(How to complete this task)
Please quote exactly the lines below from the line containing "this 540×355 image." to the line containing "this 600×400 image.", both lines included, and nothing else.

(Information given)
=======

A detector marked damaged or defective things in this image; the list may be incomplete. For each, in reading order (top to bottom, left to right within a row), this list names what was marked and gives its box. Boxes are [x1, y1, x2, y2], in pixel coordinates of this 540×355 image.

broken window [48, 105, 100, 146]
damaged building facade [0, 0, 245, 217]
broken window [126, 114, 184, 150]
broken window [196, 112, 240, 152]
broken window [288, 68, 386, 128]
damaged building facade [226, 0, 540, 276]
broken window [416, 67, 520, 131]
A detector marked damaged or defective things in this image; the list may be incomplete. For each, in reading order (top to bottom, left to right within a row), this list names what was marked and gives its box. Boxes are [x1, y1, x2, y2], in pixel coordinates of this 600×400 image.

=======

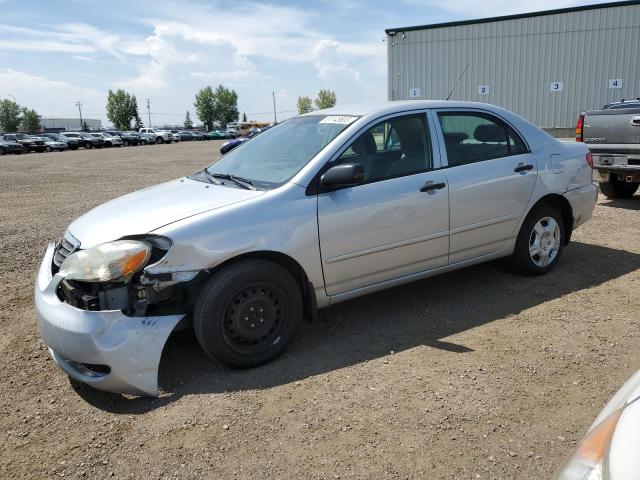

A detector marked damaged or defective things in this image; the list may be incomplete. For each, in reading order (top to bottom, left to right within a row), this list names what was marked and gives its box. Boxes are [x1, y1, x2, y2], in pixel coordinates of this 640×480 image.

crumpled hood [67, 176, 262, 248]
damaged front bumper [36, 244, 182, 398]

=======

(Response for this exercise)
A detector marked damaged or defective things in this image; the list may be incomplete. For each, in reading order (top to bottom, left to right within a row), this list names what was marked and gives its box. Boxes are [x1, y1, x2, y2], in pixel coordinates of this 540×355 image.

broken window [48, 105, 100, 146]
damaged building facade [0, 0, 245, 217]
broken window [126, 114, 184, 150]
broken window [196, 112, 240, 152]
broken window [288, 68, 386, 128]
damaged building facade [226, 0, 540, 276]
broken window [416, 67, 520, 131]
A detector marked damaged or defective things in this image; the list may be incomplete. For each, in reading order (top to bottom, left to right within a row), this list names what was marked and gives its box. Boxes are [x1, y1, x2, y2], in pixel coordinates of this 600×400 image.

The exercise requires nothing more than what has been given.